*** Block opens ***
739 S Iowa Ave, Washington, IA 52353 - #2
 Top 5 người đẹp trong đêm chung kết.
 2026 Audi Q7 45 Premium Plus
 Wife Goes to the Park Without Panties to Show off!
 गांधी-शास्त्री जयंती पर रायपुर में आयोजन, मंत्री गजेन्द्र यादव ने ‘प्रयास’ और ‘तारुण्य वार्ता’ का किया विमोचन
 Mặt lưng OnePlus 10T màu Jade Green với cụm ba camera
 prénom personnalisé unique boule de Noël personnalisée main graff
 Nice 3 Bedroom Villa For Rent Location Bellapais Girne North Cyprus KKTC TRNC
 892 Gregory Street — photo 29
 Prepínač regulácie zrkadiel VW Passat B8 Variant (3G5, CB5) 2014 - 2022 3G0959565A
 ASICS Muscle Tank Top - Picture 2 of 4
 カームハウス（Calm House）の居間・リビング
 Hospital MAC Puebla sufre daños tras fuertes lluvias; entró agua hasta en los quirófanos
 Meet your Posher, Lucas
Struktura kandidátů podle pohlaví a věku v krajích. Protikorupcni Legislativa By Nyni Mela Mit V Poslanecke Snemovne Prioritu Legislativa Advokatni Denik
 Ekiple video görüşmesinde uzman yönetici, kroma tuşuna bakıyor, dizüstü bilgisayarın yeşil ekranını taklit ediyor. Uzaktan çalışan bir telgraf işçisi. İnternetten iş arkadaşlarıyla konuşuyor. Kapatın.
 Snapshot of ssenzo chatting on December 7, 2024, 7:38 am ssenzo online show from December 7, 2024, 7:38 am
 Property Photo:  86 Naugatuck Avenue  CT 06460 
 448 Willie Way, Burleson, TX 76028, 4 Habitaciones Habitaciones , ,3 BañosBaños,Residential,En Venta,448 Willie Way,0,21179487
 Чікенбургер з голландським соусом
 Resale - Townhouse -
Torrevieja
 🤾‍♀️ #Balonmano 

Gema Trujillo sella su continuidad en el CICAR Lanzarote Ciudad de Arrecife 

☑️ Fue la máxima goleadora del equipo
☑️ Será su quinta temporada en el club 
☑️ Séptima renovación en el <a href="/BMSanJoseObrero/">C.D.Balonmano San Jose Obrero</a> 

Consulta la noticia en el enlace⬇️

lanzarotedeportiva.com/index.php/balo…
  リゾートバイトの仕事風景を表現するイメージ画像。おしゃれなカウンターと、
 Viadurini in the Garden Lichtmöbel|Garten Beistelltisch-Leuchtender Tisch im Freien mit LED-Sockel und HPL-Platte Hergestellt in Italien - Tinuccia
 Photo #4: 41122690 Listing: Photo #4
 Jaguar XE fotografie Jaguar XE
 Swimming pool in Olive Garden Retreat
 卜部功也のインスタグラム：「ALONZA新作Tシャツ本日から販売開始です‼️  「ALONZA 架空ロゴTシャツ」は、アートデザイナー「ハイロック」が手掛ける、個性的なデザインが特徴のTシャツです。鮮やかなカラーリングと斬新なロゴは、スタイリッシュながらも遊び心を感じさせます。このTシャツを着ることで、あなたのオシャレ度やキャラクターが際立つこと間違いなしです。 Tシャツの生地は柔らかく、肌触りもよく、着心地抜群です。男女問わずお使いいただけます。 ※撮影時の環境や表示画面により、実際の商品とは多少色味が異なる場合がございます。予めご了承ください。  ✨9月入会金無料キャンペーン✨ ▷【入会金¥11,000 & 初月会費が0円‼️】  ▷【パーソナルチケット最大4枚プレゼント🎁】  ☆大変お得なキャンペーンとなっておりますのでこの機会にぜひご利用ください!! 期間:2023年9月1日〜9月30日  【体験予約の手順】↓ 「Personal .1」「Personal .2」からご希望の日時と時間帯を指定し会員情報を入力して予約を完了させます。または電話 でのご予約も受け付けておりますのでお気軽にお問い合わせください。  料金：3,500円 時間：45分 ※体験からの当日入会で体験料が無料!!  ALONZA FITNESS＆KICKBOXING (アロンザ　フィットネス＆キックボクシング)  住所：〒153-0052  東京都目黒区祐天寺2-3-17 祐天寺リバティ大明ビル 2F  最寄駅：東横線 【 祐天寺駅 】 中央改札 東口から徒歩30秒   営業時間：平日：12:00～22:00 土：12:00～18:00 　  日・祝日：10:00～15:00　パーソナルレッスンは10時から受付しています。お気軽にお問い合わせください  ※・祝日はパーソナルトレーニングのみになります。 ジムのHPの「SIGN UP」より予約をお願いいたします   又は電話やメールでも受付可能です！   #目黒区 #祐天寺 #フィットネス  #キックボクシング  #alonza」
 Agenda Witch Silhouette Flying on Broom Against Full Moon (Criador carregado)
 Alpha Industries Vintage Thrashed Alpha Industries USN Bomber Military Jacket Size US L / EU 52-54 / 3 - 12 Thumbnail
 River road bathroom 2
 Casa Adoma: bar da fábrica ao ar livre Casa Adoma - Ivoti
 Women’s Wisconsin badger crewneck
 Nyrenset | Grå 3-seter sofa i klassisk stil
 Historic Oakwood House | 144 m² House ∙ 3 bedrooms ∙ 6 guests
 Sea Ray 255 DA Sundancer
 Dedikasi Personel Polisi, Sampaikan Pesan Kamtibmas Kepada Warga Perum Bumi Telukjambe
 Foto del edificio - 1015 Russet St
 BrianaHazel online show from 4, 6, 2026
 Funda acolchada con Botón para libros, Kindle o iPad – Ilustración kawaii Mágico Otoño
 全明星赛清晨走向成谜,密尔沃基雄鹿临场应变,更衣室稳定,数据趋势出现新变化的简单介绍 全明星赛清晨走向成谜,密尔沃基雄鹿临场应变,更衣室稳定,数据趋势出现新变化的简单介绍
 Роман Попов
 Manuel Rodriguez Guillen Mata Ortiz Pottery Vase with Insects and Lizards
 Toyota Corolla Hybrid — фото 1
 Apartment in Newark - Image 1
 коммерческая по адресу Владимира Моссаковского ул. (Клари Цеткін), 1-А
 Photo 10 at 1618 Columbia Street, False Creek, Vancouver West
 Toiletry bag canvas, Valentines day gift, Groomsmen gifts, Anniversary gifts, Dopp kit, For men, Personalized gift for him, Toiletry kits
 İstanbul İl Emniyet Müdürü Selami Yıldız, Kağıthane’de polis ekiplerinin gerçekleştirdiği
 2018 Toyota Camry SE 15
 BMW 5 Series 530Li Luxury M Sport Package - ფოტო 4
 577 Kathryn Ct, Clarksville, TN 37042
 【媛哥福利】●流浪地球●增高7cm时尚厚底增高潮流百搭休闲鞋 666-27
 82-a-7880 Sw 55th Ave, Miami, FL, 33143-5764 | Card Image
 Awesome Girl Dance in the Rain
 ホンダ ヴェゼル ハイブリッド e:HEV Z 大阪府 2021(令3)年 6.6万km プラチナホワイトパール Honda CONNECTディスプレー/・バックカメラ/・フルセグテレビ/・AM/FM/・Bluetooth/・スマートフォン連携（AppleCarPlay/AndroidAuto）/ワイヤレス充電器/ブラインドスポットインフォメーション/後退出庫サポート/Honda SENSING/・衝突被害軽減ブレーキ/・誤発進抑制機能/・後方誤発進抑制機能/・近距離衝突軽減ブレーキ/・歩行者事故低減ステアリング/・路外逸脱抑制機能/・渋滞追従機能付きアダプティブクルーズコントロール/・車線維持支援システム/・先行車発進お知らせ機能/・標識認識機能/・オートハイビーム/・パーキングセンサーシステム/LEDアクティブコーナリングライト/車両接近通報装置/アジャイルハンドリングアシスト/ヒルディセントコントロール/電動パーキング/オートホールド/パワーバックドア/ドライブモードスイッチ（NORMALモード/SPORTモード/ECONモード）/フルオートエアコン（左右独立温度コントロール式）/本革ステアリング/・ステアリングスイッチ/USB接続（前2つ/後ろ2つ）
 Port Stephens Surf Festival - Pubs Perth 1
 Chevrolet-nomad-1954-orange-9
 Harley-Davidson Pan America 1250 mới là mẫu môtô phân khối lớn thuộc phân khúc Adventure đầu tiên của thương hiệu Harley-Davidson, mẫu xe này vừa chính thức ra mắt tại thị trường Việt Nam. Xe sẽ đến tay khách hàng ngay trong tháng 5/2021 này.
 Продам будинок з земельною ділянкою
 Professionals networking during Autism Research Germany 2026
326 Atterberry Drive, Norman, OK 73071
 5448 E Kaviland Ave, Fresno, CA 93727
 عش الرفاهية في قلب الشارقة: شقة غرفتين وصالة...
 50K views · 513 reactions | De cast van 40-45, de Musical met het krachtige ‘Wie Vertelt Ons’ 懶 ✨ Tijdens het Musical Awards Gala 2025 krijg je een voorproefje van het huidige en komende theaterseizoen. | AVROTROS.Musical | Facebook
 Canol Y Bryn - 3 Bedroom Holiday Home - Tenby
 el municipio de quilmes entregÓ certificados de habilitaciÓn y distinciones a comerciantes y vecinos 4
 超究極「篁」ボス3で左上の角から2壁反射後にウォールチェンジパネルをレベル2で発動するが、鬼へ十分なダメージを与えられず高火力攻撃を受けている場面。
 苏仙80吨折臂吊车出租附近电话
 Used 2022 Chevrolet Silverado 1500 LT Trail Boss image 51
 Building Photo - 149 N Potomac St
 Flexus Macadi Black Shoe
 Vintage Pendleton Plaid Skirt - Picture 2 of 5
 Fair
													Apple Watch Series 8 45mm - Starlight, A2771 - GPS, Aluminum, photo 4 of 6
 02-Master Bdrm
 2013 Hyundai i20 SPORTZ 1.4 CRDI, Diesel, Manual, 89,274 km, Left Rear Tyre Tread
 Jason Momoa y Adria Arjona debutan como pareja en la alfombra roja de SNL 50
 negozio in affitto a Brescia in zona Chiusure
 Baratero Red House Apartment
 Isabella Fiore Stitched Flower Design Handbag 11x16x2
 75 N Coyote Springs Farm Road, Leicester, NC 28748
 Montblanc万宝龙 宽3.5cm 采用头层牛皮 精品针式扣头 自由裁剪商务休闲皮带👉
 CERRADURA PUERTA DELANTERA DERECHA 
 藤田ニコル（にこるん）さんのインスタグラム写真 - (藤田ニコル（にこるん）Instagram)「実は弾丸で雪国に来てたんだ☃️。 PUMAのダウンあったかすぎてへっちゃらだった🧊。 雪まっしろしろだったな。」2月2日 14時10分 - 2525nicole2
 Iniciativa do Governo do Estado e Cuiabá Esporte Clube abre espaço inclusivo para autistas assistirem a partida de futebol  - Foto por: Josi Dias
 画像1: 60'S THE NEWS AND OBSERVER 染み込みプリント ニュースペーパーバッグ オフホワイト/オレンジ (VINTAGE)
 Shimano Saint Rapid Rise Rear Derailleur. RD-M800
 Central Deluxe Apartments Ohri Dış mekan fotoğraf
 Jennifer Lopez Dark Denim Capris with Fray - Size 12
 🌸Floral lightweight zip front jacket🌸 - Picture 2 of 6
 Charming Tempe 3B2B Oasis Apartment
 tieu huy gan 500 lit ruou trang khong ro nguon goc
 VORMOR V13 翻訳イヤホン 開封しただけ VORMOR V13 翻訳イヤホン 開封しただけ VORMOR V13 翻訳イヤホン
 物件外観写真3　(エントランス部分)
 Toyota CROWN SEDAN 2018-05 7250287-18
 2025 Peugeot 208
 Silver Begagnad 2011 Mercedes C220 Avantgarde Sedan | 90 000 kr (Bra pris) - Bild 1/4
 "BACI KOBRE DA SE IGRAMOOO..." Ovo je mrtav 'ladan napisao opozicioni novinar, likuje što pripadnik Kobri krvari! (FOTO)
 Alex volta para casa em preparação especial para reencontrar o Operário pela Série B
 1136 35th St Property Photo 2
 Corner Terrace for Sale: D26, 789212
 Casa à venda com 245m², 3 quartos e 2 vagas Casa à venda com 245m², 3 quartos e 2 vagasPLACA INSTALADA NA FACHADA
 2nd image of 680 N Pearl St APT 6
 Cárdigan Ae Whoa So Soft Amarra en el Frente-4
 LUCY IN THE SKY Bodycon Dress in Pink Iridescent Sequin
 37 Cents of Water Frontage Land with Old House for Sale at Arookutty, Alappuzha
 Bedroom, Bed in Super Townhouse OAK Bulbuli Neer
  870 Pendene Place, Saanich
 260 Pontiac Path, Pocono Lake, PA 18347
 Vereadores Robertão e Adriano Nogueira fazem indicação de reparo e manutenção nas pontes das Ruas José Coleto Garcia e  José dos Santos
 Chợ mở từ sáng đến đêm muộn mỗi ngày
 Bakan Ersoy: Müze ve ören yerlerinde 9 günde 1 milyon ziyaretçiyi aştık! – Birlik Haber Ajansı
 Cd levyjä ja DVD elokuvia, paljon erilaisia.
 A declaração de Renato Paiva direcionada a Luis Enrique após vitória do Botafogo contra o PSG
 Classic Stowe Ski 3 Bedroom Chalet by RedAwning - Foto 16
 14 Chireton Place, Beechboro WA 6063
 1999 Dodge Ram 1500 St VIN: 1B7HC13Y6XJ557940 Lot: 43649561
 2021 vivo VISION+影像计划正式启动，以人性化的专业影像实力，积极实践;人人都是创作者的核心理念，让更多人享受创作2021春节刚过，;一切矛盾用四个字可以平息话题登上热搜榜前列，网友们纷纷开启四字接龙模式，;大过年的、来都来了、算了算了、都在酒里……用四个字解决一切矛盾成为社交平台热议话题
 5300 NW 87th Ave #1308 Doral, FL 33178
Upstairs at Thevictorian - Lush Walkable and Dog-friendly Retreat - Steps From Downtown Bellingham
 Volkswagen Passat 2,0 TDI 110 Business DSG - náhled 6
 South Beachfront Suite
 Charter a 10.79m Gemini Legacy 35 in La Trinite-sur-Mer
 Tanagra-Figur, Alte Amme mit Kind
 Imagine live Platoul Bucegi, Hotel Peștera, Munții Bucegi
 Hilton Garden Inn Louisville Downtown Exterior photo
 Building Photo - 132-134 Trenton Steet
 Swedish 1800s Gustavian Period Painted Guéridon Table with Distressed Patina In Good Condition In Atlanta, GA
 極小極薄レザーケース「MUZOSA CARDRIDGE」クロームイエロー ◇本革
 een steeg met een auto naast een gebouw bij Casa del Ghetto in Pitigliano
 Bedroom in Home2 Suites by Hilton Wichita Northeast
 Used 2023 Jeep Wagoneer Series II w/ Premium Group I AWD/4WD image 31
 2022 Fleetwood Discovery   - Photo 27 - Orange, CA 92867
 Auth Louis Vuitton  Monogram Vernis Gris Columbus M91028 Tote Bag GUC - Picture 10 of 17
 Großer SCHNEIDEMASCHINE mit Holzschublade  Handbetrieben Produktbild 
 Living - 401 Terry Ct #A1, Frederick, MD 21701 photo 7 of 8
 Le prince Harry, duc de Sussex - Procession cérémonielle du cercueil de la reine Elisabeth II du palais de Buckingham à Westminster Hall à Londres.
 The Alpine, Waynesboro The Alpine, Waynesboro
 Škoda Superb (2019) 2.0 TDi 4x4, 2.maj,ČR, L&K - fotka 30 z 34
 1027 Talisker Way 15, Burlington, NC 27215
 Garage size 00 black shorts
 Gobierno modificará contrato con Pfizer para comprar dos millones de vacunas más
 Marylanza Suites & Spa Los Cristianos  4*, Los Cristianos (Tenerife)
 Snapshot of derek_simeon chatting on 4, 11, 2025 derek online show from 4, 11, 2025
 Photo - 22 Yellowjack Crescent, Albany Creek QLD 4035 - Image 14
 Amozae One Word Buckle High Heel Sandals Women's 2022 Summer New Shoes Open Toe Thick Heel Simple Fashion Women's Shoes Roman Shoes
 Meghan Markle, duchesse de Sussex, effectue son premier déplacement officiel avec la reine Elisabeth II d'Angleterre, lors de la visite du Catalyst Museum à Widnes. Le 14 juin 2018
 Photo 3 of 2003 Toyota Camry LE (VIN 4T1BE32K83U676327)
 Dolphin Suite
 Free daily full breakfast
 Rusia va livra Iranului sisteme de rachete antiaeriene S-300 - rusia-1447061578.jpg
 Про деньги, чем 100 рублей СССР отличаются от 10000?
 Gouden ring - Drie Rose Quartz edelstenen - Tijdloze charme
*** Block closes ***
**Problem details**
Only a number is expected: how many lines of the data include the string "reine".

**Task solution**
2